The University of Wisconsin-Madison (UW-Madison) and its project team will develop new integrated motor drives (IMDs) using current-source inverters (CSIs). Recent advances in both silicon carbide (SiC) and gallium nitride (GaN) wide-bandgap semiconductor devices make these power switches well-suited for the selected CSI topology that the team plans to integrate into high-efficiency electric motors with spinning permanent magnets. The objective is to take advantage of the special performance characteristics of the technology to increase the penetration of variable-speed drives into heating, ventilating, and air conditioning (HVAC) applications. Many of the HVAC installations in the U.S. residential and commercial sectors still use constant-speed motors even though there is a well-recognized potential for major energy savings available by converting them to variable-speed operation. If successful, the new IMDs will be capable of producing significant energy savings in a wide variety of industrial, commercial, and residential applications ranging from air conditioners to pumps and compressors.

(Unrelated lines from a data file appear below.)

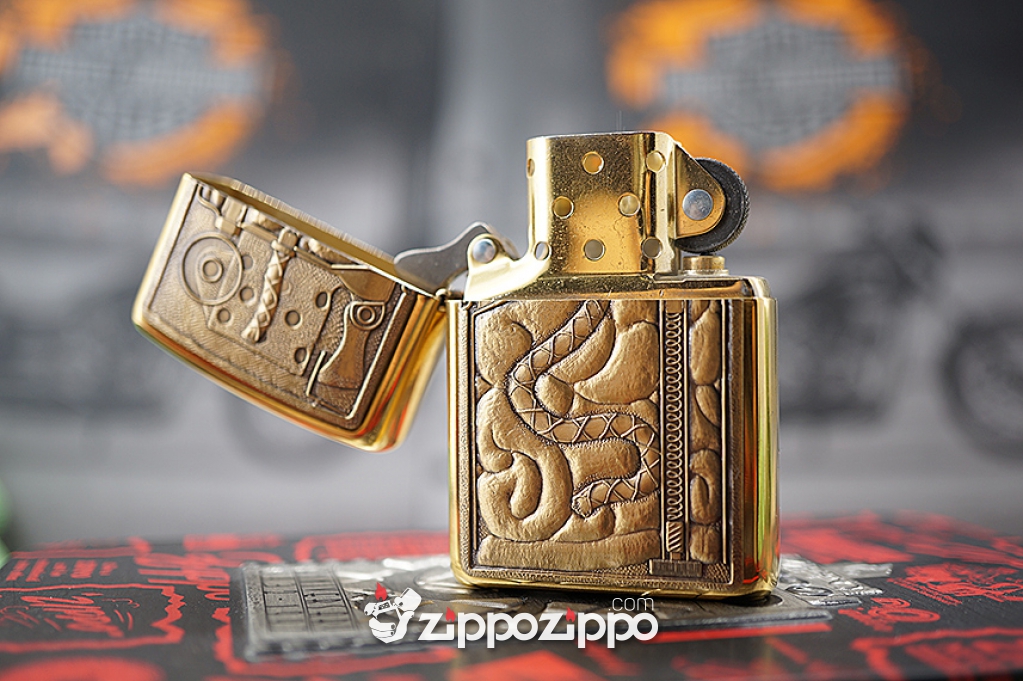 bật lửa zippo cổ dập nổi hình ruột zippo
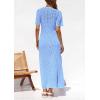 imagePRETTYGARDEN Womens Eyelet Cover Up Dress 2026 Summer Vacation Resort Maxi Dresses Beach Short Sleeve Hollow Out SundressLight Blue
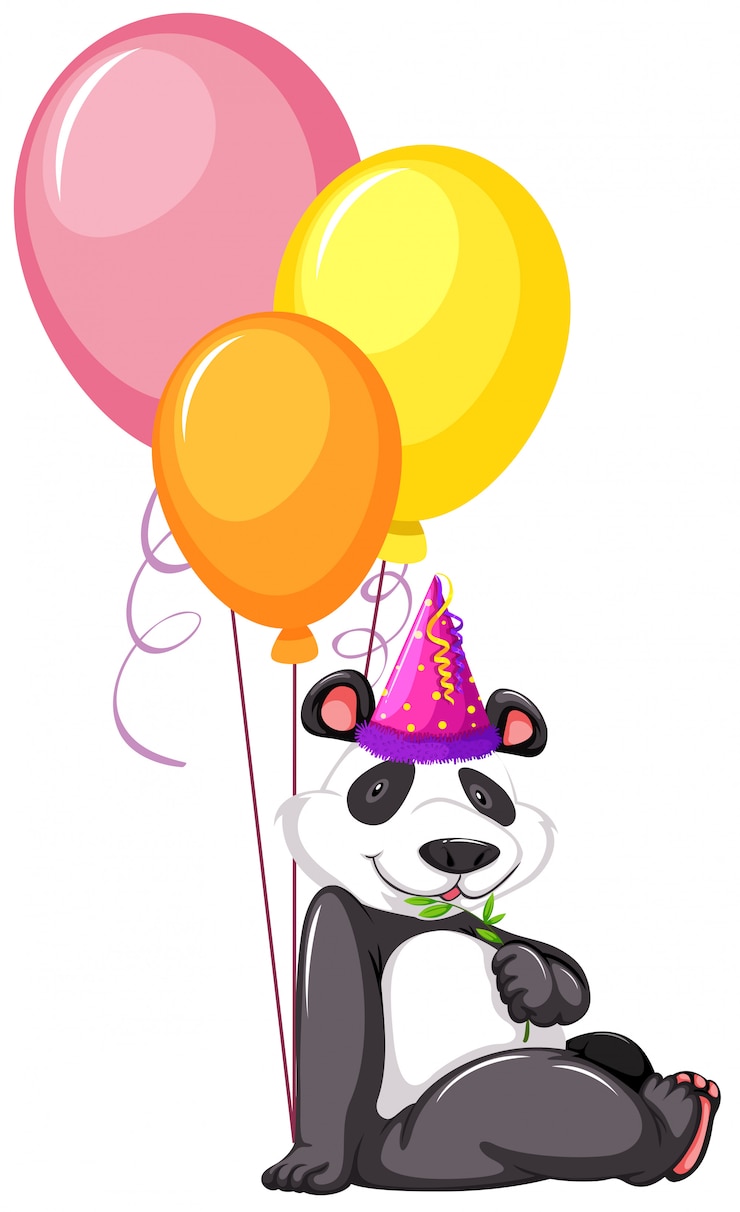 Gratis Vector een panda met ballonnen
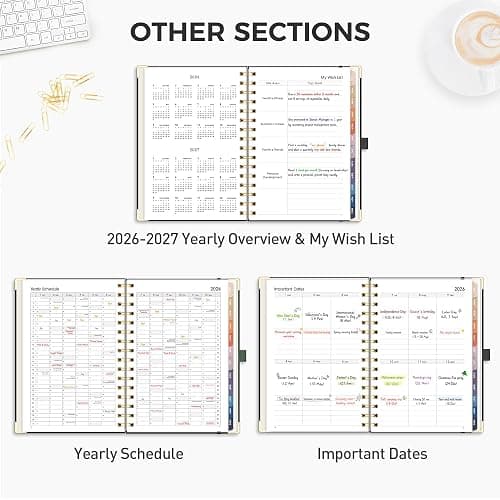 RETTACY 2026 Planner, Weekly and Monthly, Medium Size (5.7" x 8.3"), Jan - Dec 2026, Agenda, Calendar, 12 Month Tabs, Hardcover, 100 GSM Thick Paper, Spiral-bound (Black) thumbnail 5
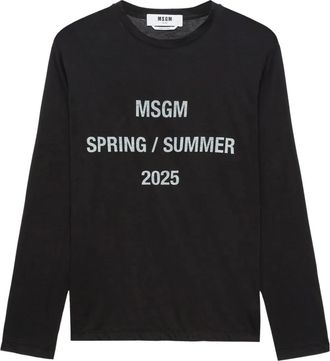 Msgm T-shirt in cotone con stampa - Nero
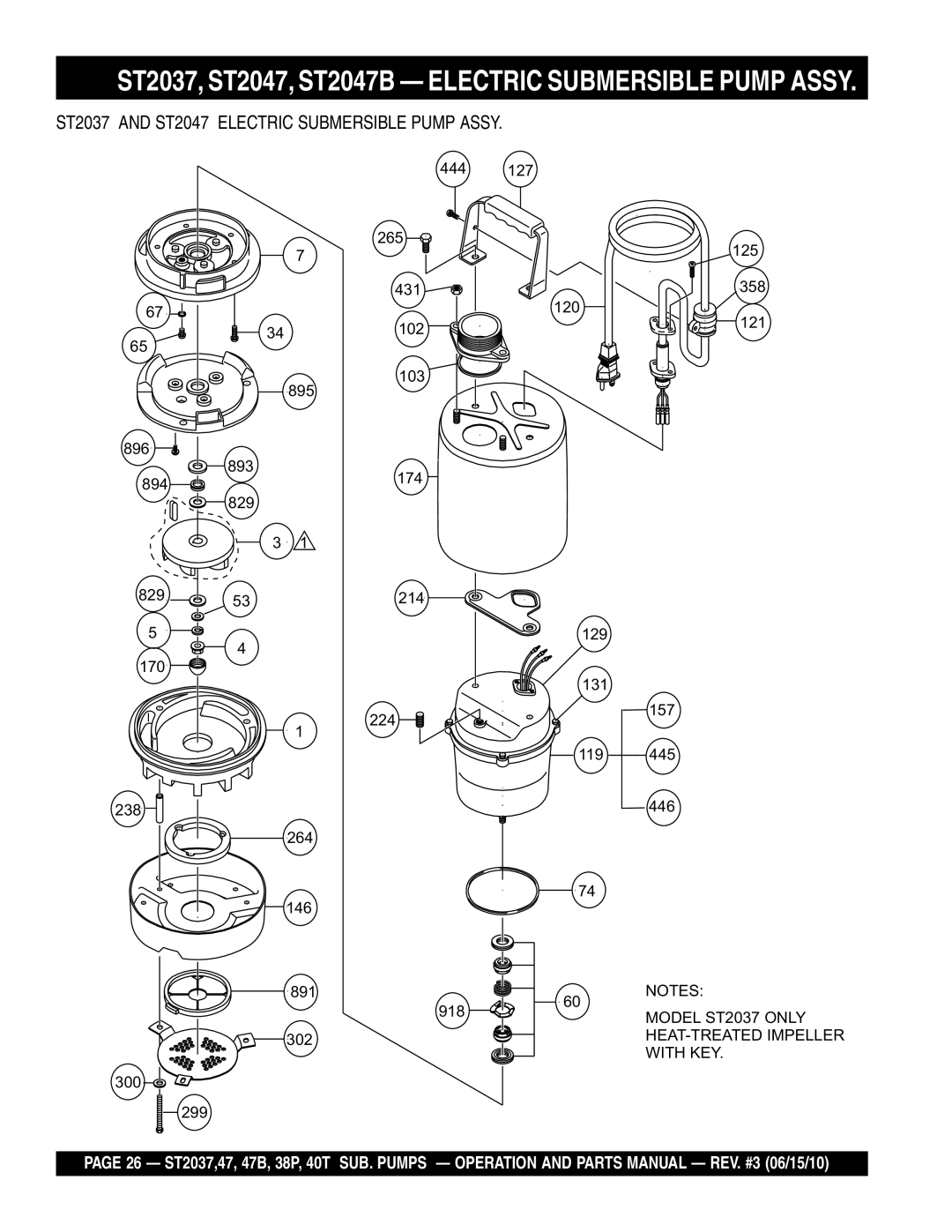 Multiquip ST204B, ST2038P, ST204OT manual ST2037, ST2047, ST2047B Electric Submersible Pump Assy 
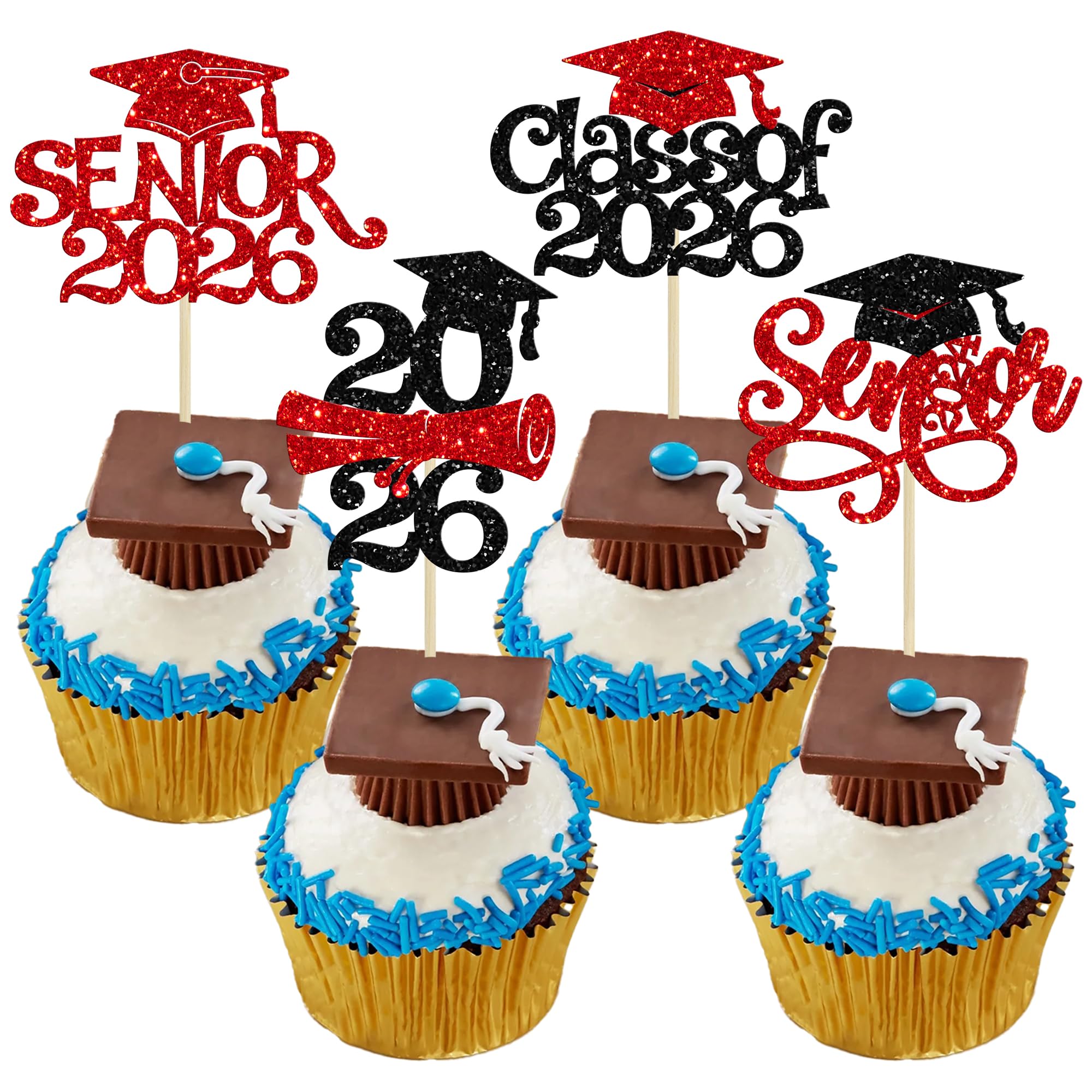 Gyufise 24Pcs 2026 Graduation Cupcake Toppers with Glitter Senior Class of 2026 Cupcake Picks Senior 2026 Cupcake Decorations for Graduation Theme Party Supplies Red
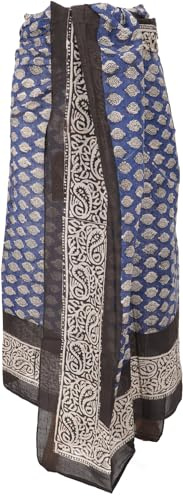 GURU SHOP Leichter Pareo Schal, Sarong, handbedrucktes Tuch | 100% Baumwolle, traditioneller Blockdruck, vielseitig verwendbar, leicht zu reinigen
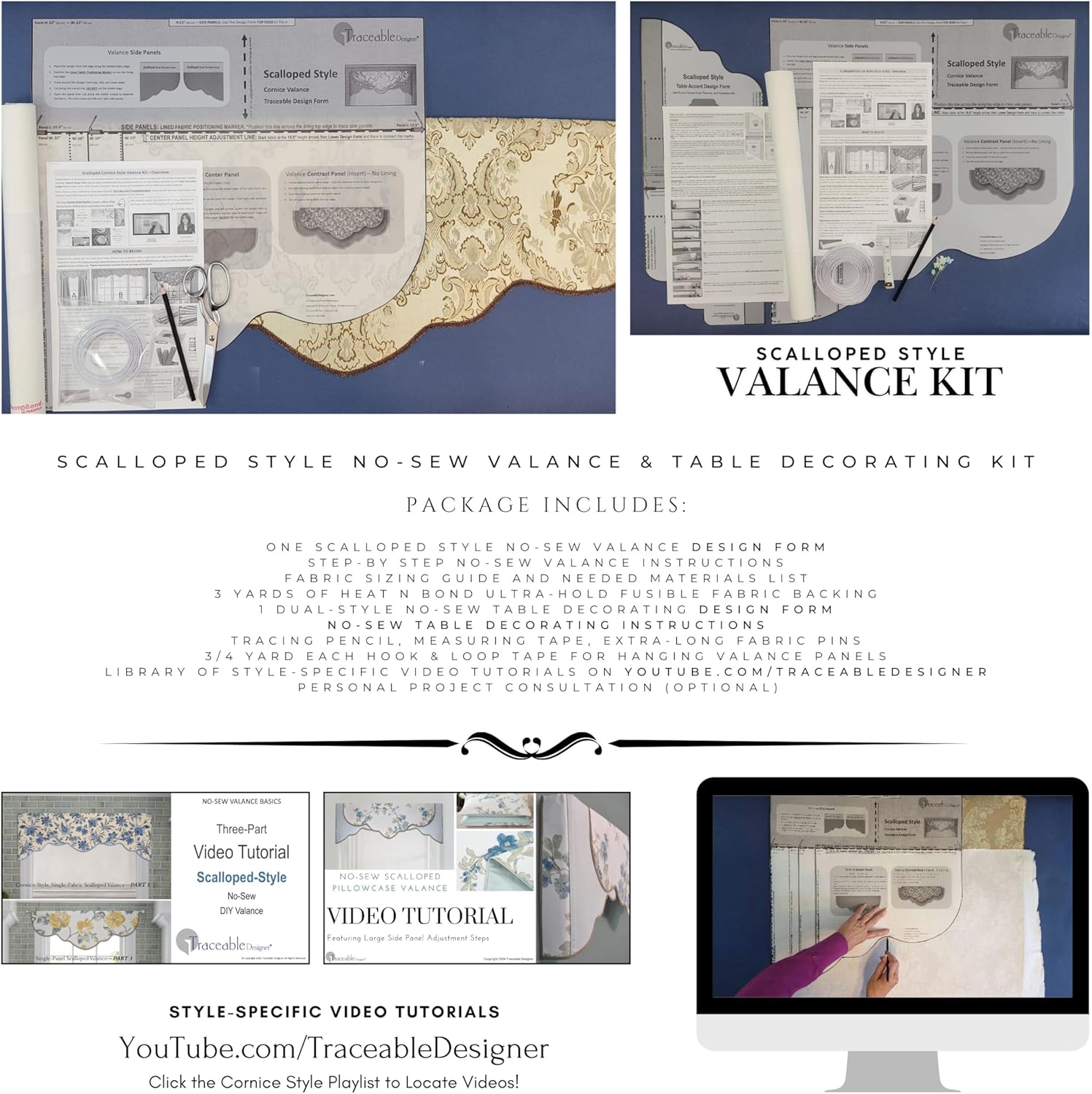 No-Sew Valance Kit | DIY Window Treatment | Scalloped Cornice Re-Imagined - Create Elegant Custom Valances in One Afternoon, No Sewing Needed | Fits Standard Curtain Rods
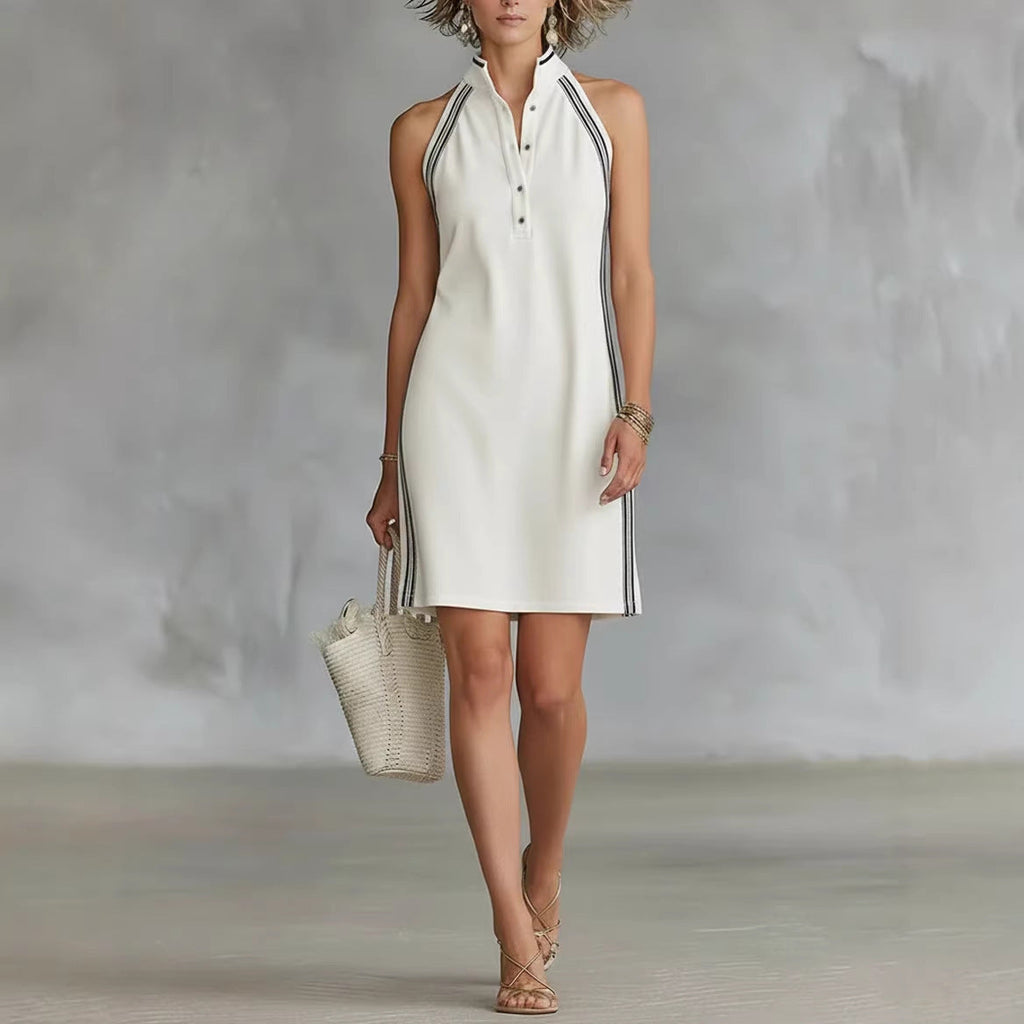 Women Sleeveless Polo Collar Shirt Dress Sporty Casual Mini Dress - Image 4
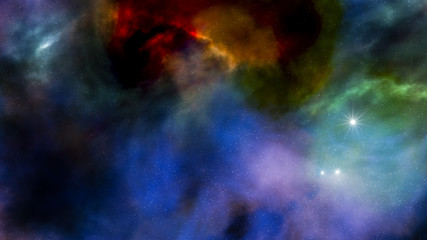 Wall Mural - night sky with stars and nebula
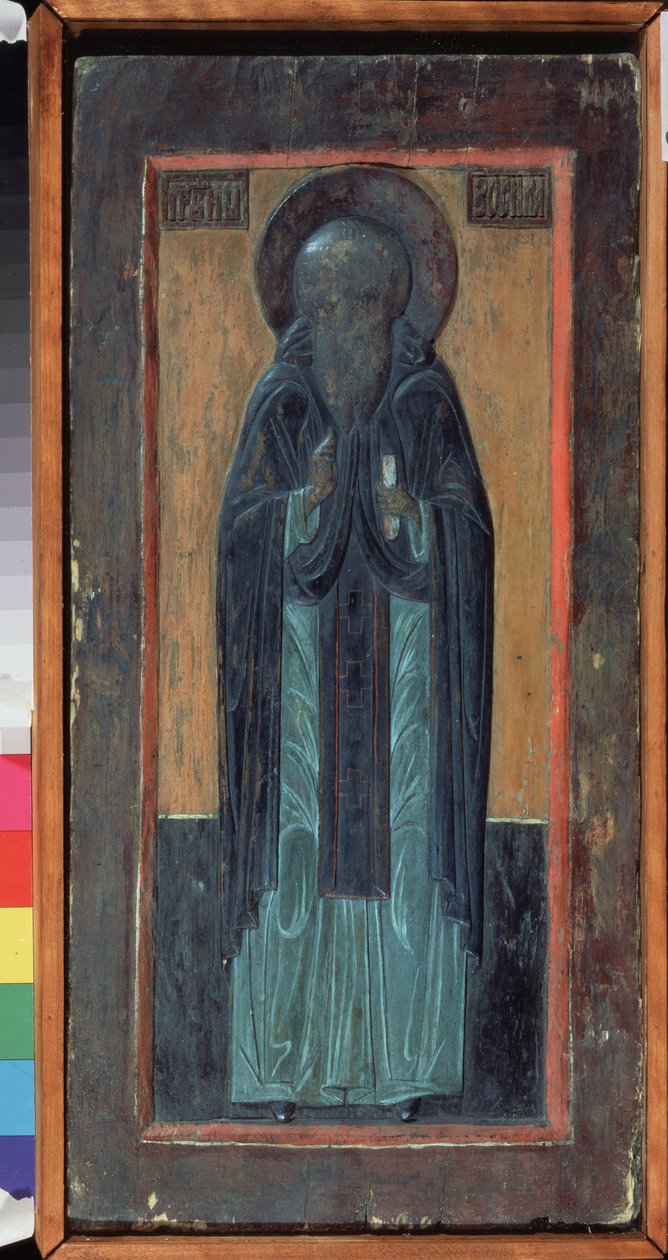 San Zosima di Solovki (morto nel 1478). Icona russa, legno scolpito policromo, metà del XVI secolo. Arte russa tradizionale antica del Nord. Museo Regionale di Belle Arti e Arti Applicate, Smolensk (Russia). da School Russian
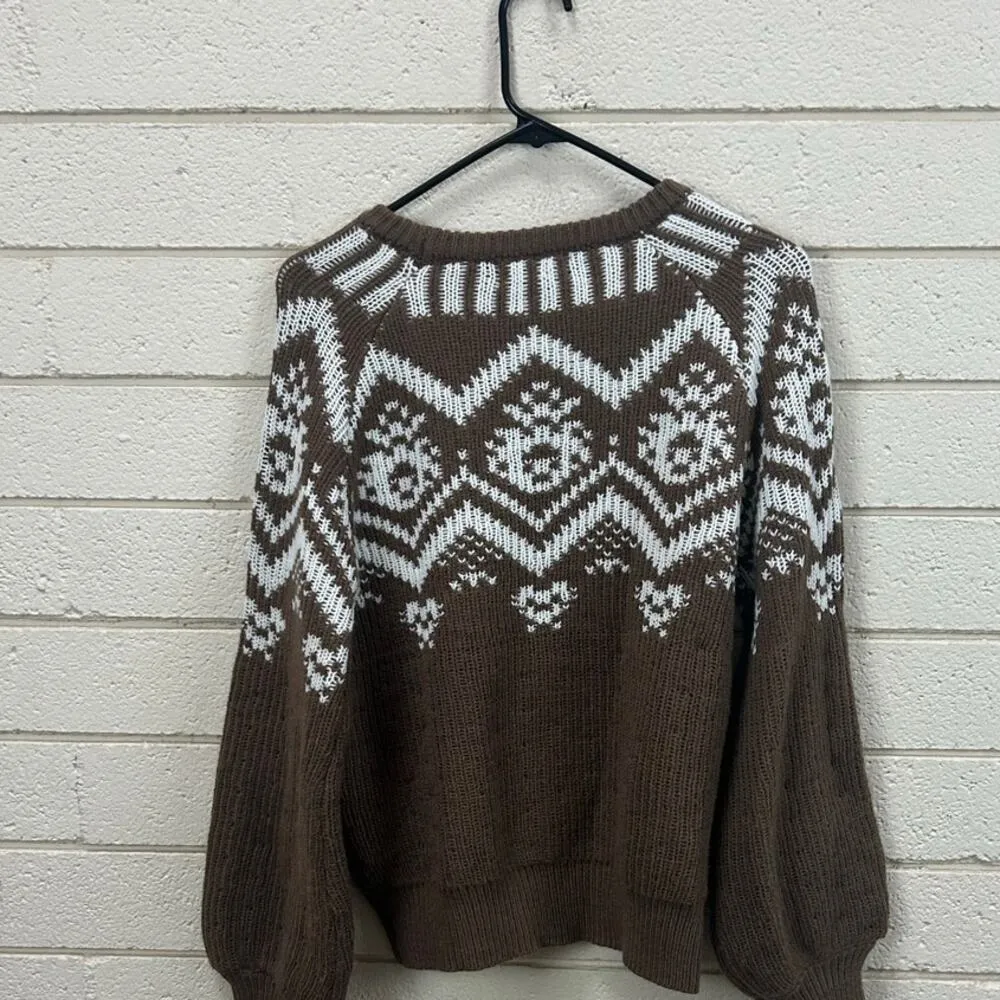Francesca's Marilyn Fairisle Pullover Brown Sweater size M - Image 8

If successful, CIRCUITS projects will enable further development of a new class of power converters suitable for a broad range of applications including motor drives for heavy equipment and consumer appliances, electric vehicle battery charging, high-performance computer data centers, grid applications for stability and resilience, and emerging electric propulsion systems.
More robust power electronics that withstand higher operating temperatures, have increased durability, a smaller form factor, and higher efficiency will significantly improve the reliability and security of a resilient electrical grid.
Low cost and highly efficient power electronics could lead to more affordable electric and hybrid-electric transportation, greater integration of renewable power sources, and higher efficiency electric motors for use in heavy industries and consumer applications.
Electricity is the fastest growing form of end-use energy in the United States. High performance, low cost power electronics would enable significant efficiency gains across the economy, reducing energy costs for businesses and families.